If the user provides on_error and does not explicitly match FatalWorkerTransientError, Geneva still applies that default retry behavior. If the user does explicitly match it, the user configuration wins.

Examples:

from geneva import Retry, Fail, udf
from geneva.errors import FatalWorkerTransientError

@udf(
    data_type=pa.int64(),
    on_error=[Retry(FatalWorkerTransientError, max_attempts=5)],
)
def retry_infra_failures(x: int) -> int:
    return x * 2


@udf(
    data_type=pa.int64(),
    on_error=[Fail(FatalWorkerTransientError)],
)
def fail_on_infra_failures(x: int) -> int:
    return x * 2

Exception Matchers

geneva.debug.error_store.Retry

Bases: ExceptionMatcher

Retry on matching exceptions with backoff

Parameters:

  • *exceptions (type[Exception], default: () ) –

    Exception types to match

  • match (str, default: None ) –

    Regex pattern to match in exception message. Simple strings work as substring matches (e.g., "rate limit"). Use (?i) for case-insensitive matching.

  • max_attempts (int, default: 3 ) –

    Maximum number of attempts (default: 3)

  • backoff (str, default: 'exponential' ) –

    Backoff strategy: "exponential" (default), "fixed", or "linear"

Examples:

Retry(ConnectionError, TimeoutError, max_attempts=3)
Retry(ValueError, match="rate limit", max_attempts=5)
Retry(APIError, match=r"429|rate.?limit")
Retry(APIError, match=r"(?i)rate limit")  # case-insensitive

max_attempts

max_attempts: int = field(default=3)

backoff

backoff: str = field(
    default="exponential", validator=_validate_backoff
)

geneva.debug.error_store.Skip

Bases: ExceptionMatcher

Skip row (return None) on matching exceptions

Parameters:

  • *exceptions (type[Exception], default: () ) –

    Exception types to match

  • match (str, default: None ) –

    Regex pattern to match in exception message

  • max_skip_count (int, default: None ) –

    Maximum number of rows that can be skipped before failing the job. Only used when passed via skip_on_error().

  • max_skip_fraction (float, default: None ) –

    Maximum fraction of rows (0.0-1.0) that can be skipped before failing the job. Only used when passed via skip_on_error().

Examples:

Skip(ValueError, KeyError)
Skip(ValueError, match="invalid input")

max_skip_count

max_skip_count: int | None = field(default=None)

max_skip_fraction

max_skip_fraction: float | None = field(default=None)
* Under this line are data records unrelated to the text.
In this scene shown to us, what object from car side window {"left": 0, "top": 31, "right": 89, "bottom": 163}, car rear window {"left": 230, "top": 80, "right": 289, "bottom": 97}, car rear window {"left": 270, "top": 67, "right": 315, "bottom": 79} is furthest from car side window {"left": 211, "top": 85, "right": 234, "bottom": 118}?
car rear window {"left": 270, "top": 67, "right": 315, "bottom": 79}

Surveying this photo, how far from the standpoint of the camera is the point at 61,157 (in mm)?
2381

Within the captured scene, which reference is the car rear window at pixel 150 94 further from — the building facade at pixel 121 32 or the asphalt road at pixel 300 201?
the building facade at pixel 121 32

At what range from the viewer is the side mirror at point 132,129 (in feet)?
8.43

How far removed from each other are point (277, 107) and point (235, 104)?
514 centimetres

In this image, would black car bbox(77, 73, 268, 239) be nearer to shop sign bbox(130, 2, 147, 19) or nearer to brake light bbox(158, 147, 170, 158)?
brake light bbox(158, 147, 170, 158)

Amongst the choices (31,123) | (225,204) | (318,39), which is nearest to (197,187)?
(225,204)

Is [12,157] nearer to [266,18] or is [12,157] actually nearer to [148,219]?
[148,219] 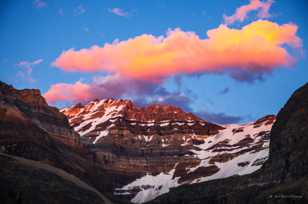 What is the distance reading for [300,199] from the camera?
550ft

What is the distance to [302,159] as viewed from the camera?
655 feet

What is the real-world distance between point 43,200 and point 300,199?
6689cm

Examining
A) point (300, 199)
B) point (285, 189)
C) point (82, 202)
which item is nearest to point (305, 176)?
point (285, 189)

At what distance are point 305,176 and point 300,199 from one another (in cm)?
1909

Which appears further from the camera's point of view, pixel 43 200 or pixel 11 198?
pixel 43 200

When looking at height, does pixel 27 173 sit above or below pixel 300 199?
above

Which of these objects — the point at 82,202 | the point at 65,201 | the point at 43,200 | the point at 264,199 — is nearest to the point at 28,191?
the point at 43,200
geneva.debug.error_store.Fail

Bases: ExceptionMatcher

Fail job immediately on matching exceptions

Parameters:

  • *exceptions (type[Exception], default: () ) –

    Exception types to match

  • match (str, default: None ) –

    Regex pattern to match in exception message

Examples:

Fail(AuthError)
Fail(ValueError, match="fatal")

Helper Functions

geneva.debug.error_store.retry_transient

retry_transient(
    max_attempts: int = 3, backoff: str = "exponential"
) -> list[ExceptionMatcher]

Retry transient network errors (ConnectionError, TimeoutError, OSError).

Parameters:

  • max_attempts (int, default: 3 ) –

    Maximum number of attempts (default: 3)

  • backoff (str, default: 'exponential' ) –

    Backoff strategy: "exponential" (default), "fixed", or "linear"

Returns:

  • list[ExceptionMatcher]

    Matcher list for use with on_error parameter

Examples:

@udf(data_type=pa.int32(), on_error=retry_transient())
@udf(data_type=pa.int32(), on_error=retry_transient(max_attempts=5))

geneva.debug.error_store.retry_all

retry_all(
    max_attempts: int = 3, backoff: str = "exponential"
) -> list[ExceptionMatcher]

Retry any exception.

Parameters:

  • max_attempts (int, default: 3 ) –

    Maximum number of attempts (default: 3)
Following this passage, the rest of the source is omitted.